Take the entries below and print only the lines from the one with "Libri: Long Live" through the one with "Little Town Family WeeCare", exactly as they stand, both ends included.

Start of RECORDS TO PROCESS

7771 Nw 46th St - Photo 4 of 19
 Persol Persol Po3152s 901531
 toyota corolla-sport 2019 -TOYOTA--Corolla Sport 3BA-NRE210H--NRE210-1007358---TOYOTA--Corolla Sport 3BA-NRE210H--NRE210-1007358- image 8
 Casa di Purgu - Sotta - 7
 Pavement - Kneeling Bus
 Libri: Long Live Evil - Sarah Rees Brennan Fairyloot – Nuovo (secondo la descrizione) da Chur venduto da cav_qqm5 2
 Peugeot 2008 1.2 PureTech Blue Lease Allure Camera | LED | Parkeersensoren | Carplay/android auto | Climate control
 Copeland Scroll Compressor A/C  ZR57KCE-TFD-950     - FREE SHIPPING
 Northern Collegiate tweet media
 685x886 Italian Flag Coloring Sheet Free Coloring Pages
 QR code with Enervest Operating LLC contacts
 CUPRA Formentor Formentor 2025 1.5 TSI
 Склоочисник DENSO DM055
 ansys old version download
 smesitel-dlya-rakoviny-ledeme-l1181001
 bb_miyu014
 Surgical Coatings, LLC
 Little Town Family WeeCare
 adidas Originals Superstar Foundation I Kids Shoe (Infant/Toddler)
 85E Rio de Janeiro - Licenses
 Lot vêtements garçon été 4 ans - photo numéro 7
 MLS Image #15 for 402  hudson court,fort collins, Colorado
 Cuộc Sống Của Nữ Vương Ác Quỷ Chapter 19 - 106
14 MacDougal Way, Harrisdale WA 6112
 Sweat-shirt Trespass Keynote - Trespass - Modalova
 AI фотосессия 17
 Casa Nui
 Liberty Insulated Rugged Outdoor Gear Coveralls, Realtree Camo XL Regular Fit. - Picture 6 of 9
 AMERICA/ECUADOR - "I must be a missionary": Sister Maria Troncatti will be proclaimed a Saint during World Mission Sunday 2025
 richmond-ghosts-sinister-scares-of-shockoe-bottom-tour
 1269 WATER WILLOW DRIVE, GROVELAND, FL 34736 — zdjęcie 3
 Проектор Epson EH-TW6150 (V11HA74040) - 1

End of RECORDS TO PROCESS

__TASK RESPONSE__:
 Libri: Long Live Evil - Sarah Rees Brennan Fairyloot – Nuovo (secondo la descrizione) da Chur venduto da cav_qqm5 2
 Peugeot 2008 1.2 PureTech Blue Lease Allure Camera | LED | Parkeersensoren | Carplay/android auto | Climate control
 Copeland Scroll Compressor A/C  ZR57KCE-TFD-950     - FREE SHIPPING
 Northern Collegiate tweet media
 685x886 Italian Flag Coloring Sheet Free Coloring Pages
 QR code with Enervest Operating LLC contacts
 CUPRA Formentor Formentor 2025 1.5 TSI
 Склоочисник DENSO DM055
 ansys old version download
 smesitel-dlya-rakoviny-ledeme-l1181001
 bb_miyu014
 Surgical Coatings, LLC
 Little Town Family WeeCare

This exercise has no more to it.